Some cities seduce you with their urgency and energy, where you swear the streets have current running through them. Vienna does not. The ancient Austrian capital implores us to slow down and look up.
But the seat of the Hapsburg Empire for centuries is no laggard. In fact, it’s obsessed about the proper allocation of time and resources to create a fair, just city. The inspiration spans a millennium, documented in the city’s hallowed institutions whereby it ranks at #17 in our Culture subcategory (an improvement of four spots over last year), and #23 for Museums.
You’ll certainly never find a better view of the city than that from the 1897-vintage Reisenrad ferris wheel at the Prater, the oldest amusement park in the world; you’ll also never feel so exquisitely the meaning of Imperial as at Schonbrunn palace. And without Christkindlmärkte, the sparkling holiday markets, would there even be a Christmas?
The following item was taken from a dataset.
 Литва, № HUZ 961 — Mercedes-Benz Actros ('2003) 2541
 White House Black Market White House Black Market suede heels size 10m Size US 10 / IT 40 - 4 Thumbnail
But fresh ideas are blowing through the city where modernism was born—the 4th district seems to be just one hub of change on its own. Better tasting coffee is coming to the UNESCO-ranked coffeehouses, like the Landtmann and the Central—places where radical philosophical and aesthetic movements were hatched over mediocre joe.
And along with the Klimts at the Schloss Belvedere, and the ever-unsettling Egon Schiele at the Leopold, there’s a dynamic contemporary art scene made up of places like TBA21 and the Museum of Applied Arts, which combines applied art, design, architecture and contemporary art in historic splendor. There’s viennacontemporary, an art fair for explorers that deftly bridges Western and Eastern European works. The annual Vienna Design Week is an anticipated takeover of the entire city. Not for nothing does Vienna rank #32 overall for its Programming, an improvement of two spots over last year.
While you’re enjoying the very particular appreciation of time that is Vienna, explore some of the Grätzl. The old Viennese word for neighborhood evokes intimate local knowledge of places like Praterstrasse, Rossau, or Karmelitermarkt where you can slow down and smell the coffee at last.
But Vienna isn’t just a snowglobe with LEED certification. The city’s relentless pursuit of quality of life for residents new and old is the stuff of legends in Europe. The internationally lauded Vienna University is free, or almost free for non-EU residents. Today’s student population exceeds 100,000, up more than 75% from earlier this decade. Rent-to-own affordable housing, reliable and extensive public transit and half the urban area dedicated green space criss-crossed by the Danube River add to the almost surreal generosity of one of Europe’s most incredible urban centers.